[
https://issues.apache.org/jira/browse/CAMEL-18780?page=com.atlassian.jira.plugin.system.issuetabpanels:comment-tabpanel&focusedCommentId=17641938#comment-17641938
]
Simon Rasmussen commented on CAMEL-18780:
-----------------------------------------
I have hacked together a test case which exposes the problem... and it is
actually worse than first expected as it completely blocks the consumer once
the maxQueueSize is reached for the extender. This is also what we saw in
production though we believed it to be processing very slowly.

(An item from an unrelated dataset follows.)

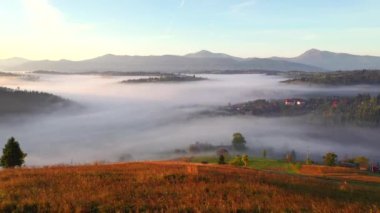 Muhteşem kırsal alan yoğun bir sabahla kaplıdır. UHD 4k video ile çekildi.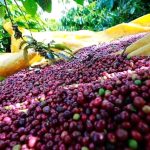 Coffee market summary week 2-2025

If I increase the maxQueueSize as suggested, then it doesn't block. I have to
increase it to the max queue size of the route + max pool size + 1 (the +1 is
needed in case the main route thread processes the task (due to CallerRuns
policy).
The test case right now looks this:
{code:java}
package org.apache.camel.component.aws2.sqs;
import java.time.Duration;
import java.time.LocalDateTime;
import java.util.concurrent.TimeUnit;
import org.apache.camel.BindToRegistry;
import org.apache.camel.EndpointInject;
import org.apache.camel.builder.RouteBuilder;
import org.apache.camel.component.mock.MockEndpoint;
import org.apache.camel.test.junit5.CamelTestSupport;
import org.junit.jupiter.api.Test;
import software.amazon.awssdk.services.sqs.model.Message;
import software.amazon.awssdk.utils.Md5Utils;
public class SqsConsumerMessageExtendTest extends CamelTestSupport {
@EndpointInject("mock:result")
private MockEndpoint mock;
@Test
void messageExtendShouldSurvive() throws Exception {
var start = LocalDateTime.now();
mock.expectedMessageCount(20);
MockEndpoint.assertIsSatisfied(context, 30, TimeUnit.SECONDS);
var end = LocalDateTime.now();
System.out.println("Running time was: " +
Duration.between(start, end));
}
@BindToRegistry("amazonSQSClient")
public AmazonSQSClientMock addClient() {
AmazonSQSClientMock clientMock = new AmazonSQSClientMock();
// add 20 messages
for (int counter = 0; counter < 20; counter++) {
Message.Builder message = Message.builder();
String body = "Message " + counter;
message.body(body);
message.md5OfBody(Md5Utils.md5AsBase64(body.getBytes()));
message.messageId("id" + counter);
message.receiptHandle("handle" + counter);
clientMock.messages.add(message.build());
}
return clientMock;
}
@Override
protected RouteBuilder createRouteBuilder() {
final int visibilityTimeout = 2;
final int taskProcessingTime = 3;
return new RouteBuilder() {
@Override
public void configure() {
from("aws2-sqs://MyQueue?amazonSQSClient=#amazonSQSClient&maxMessagesPerPoll=1&visibilityTimeout="
+ visibilityTimeout
+
"&extendMessageVisibility=true").threads(1, 4,
"route").maxQueueSize(10).process(exchange -> {
TimeUnit.SECONDS.sleep(taskProcessingTime);
System.out.println(Thread.currentThread().getName() + ": " +
exchange.getIn().getBody(String.class));
}).to("mock:result");
}
};
}
}
{code}
and modified Sqs2Consumer:
{code:java}
@Override
protected void doStart() throws Exception {
// start scheduler first
if (getConfiguration().isExtendMessageVisibility() &&
scheduledExecutor == null) {
ThreadPoolProfile profile = new
ThreadPoolProfile("SqsTimeoutExtender");
profile.setPoolSize(1);
profile.setAllowCoreThreadTimeOut(false);
int maxQueueSize = 10; // TODO how to find this number?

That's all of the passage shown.